In the listing below, locate the line that contains "Grøn Peugeot e-208 fra 2024" and the line that contains "Şanlıurfa'da oduncular pazarında yangın". Restate word for word those two lines and every line between them, and nothing else.
*** Begin section ***
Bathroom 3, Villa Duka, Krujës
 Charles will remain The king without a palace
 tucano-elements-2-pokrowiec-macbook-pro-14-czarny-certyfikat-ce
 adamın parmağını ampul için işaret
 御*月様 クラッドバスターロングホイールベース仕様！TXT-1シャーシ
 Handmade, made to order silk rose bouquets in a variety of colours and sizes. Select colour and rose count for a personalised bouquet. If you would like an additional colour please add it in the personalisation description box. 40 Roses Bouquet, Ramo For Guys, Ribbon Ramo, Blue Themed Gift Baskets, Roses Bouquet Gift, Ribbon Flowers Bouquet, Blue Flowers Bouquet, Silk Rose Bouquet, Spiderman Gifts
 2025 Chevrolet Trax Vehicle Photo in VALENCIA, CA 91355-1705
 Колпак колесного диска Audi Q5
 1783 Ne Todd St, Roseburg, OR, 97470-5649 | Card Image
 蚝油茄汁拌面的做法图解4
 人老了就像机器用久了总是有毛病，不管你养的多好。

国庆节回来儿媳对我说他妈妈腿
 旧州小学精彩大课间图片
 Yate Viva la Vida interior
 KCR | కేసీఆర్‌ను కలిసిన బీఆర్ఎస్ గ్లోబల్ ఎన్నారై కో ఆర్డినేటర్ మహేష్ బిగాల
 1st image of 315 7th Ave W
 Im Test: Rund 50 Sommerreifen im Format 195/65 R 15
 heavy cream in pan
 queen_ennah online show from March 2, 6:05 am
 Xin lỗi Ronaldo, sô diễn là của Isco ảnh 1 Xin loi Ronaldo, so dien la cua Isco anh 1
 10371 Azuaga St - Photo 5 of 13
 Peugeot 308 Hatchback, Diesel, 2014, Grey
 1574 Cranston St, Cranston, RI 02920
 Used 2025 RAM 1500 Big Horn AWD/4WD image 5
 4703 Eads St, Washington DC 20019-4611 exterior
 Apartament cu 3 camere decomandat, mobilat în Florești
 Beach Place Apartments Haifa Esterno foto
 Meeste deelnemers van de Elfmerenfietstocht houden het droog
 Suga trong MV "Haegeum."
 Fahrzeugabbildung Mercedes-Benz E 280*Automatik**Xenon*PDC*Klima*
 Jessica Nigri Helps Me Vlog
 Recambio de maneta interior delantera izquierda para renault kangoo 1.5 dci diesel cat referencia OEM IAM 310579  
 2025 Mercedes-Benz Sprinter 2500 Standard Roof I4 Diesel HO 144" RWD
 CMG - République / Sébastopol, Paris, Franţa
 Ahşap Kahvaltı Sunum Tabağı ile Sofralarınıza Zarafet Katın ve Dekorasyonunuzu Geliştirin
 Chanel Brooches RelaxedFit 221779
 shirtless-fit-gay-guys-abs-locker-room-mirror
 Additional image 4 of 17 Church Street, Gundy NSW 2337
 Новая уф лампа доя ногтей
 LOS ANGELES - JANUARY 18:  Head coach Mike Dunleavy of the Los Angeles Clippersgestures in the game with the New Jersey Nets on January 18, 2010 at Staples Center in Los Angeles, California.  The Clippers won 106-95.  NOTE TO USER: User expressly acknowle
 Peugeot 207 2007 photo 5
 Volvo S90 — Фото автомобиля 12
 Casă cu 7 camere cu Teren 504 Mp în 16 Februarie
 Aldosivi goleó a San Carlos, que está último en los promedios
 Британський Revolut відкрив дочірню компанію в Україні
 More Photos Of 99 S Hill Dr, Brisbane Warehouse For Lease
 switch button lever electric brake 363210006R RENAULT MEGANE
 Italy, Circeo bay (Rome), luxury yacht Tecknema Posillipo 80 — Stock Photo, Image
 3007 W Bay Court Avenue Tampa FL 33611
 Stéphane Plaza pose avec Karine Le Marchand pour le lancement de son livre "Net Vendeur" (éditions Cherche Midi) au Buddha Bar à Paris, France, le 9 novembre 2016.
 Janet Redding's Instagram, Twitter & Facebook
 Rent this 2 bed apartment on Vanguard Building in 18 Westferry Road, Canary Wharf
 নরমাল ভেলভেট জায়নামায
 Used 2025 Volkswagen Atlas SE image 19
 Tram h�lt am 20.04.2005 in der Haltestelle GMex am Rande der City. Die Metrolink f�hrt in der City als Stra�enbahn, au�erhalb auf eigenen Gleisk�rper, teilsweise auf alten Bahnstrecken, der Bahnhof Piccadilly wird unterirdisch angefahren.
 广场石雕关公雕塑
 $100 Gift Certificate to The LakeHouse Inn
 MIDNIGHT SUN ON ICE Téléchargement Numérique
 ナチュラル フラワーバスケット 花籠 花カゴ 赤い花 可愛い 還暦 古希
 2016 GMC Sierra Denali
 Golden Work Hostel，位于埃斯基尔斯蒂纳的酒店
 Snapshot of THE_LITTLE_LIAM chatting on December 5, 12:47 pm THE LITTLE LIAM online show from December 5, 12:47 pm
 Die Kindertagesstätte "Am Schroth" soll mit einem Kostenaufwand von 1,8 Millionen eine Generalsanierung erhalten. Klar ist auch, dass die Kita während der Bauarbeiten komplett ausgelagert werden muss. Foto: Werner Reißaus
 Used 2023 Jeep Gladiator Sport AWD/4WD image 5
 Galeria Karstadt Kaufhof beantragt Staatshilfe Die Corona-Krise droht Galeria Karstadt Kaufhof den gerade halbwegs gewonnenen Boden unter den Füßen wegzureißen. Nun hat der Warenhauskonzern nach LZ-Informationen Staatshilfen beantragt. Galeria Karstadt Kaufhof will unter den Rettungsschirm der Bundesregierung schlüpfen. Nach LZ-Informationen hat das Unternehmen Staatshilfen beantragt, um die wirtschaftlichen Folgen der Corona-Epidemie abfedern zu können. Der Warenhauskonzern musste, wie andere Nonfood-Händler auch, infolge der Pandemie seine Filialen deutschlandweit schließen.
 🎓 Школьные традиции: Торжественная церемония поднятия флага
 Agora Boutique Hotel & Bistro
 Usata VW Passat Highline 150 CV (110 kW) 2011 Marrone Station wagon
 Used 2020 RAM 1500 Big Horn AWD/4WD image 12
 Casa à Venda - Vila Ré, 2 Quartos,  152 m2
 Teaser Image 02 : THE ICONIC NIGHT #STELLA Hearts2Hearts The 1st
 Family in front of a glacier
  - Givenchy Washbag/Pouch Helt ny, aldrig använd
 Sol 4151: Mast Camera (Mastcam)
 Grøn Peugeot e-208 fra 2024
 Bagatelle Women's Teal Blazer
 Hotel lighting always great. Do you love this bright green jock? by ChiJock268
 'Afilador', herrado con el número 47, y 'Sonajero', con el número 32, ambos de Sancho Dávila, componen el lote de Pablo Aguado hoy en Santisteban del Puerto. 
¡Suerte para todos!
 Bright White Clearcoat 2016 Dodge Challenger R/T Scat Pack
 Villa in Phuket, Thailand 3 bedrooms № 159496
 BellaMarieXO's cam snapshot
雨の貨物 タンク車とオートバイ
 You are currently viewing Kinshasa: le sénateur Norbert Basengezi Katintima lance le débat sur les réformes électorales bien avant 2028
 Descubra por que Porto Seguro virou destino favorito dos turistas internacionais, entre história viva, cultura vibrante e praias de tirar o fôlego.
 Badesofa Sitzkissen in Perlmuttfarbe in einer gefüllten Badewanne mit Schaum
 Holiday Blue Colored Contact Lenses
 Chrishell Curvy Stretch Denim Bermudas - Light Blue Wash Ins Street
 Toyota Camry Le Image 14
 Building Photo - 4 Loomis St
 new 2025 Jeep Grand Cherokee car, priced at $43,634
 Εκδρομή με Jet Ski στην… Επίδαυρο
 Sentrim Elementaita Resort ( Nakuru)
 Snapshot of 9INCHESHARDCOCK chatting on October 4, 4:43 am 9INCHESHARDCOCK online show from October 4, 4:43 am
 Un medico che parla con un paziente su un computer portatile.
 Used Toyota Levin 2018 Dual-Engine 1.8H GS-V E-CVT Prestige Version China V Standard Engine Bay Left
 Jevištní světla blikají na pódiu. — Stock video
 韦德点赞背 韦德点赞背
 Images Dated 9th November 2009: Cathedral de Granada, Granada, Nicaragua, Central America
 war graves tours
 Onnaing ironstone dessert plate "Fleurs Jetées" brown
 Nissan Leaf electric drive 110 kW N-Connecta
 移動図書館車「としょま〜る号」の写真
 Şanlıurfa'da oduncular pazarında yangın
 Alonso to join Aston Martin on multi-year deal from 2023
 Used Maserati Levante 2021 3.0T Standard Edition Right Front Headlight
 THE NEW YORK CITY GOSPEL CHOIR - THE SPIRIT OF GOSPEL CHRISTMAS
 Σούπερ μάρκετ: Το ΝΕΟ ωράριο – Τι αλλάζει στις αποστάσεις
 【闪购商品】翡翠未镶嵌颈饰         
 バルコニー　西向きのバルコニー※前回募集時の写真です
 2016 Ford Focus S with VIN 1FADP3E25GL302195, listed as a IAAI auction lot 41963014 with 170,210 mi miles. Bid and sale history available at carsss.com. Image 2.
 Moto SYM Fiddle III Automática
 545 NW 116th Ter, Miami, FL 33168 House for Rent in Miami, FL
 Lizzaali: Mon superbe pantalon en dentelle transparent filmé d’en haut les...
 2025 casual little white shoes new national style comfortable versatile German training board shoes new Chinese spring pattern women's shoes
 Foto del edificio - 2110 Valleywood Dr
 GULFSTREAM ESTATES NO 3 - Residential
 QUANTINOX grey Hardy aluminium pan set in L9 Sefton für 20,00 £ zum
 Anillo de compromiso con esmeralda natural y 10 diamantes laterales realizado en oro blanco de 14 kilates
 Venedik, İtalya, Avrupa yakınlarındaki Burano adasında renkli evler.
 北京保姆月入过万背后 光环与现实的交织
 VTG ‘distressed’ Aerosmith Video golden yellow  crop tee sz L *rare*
*** End section ***
◆ OUTPUT OF THE TASK
 Grøn Peugeot e-208 fra 2024
 Bagatelle Women's Teal Blazer
 Hotel lighting always great. Do you love this bright green jock? by ChiJock268
 'Afilador', herrado con el número 47, y 'Sonajero', con el número 32, ambos de Sancho Dávila, componen el lote de Pablo Aguado hoy en Santisteban del Puerto. 
¡Suerte para todos!
 Bright White Clearcoat 2016 Dodge Challenger R/T Scat Pack
 Villa in Phuket, Thailand 3 bedrooms № 159496
 BellaMarieXO's cam snapshot
雨の貨物 タンク車とオートバイ
 You are currently viewing Kinshasa: le sénateur Norbert Basengezi Katintima lance le débat sur les réformes électorales bien avant 2028
 Descubra por que Porto Seguro virou destino favorito dos turistas internacionais, entre história viva, cultura vibrante e praias de tirar o fôlego.
 Badesofa Sitzkissen in Perlmuttfarbe in einer gefüllten Badewanne mit Schaum
 Holiday Blue Colored Contact Lenses
 Chrishell Curvy Stretch Denim Bermudas - Light Blue Wash Ins Street
 Toyota Camry Le Image 14
 Building Photo - 4 Loomis St
 new 2025 Jeep Grand Cherokee car, priced at $43,634
 Εκδρομή με Jet Ski στην… Επίδαυρο
 Sentrim Elementaita Resort ( Nakuru)
 Snapshot of 9INCHESHARDCOCK chatting on October 4, 4:43 am 9INCHESHARDCOCK online show from October 4, 4:43 am
 Un medico che parla con un paziente su un computer portatile.
 Used Toyota Levin 2018 Dual-Engine 1.8H GS-V E-CVT Prestige Version China V Standard Engine Bay Left
 Jevištní světla blikají na pódiu. — Stock video
 韦德点赞背 韦德点赞背
 Images Dated 9th November 2009: Cathedral de Granada, Granada, Nicaragua, Central America
 war graves tours
 Onnaing ironstone dessert plate "Fleurs Jetées" brown
 Nissan Leaf electric drive 110 kW N-Connecta
 移動図書館車「としょま〜る号」の写真
 Şanlıurfa'da oduncular pazarında yangın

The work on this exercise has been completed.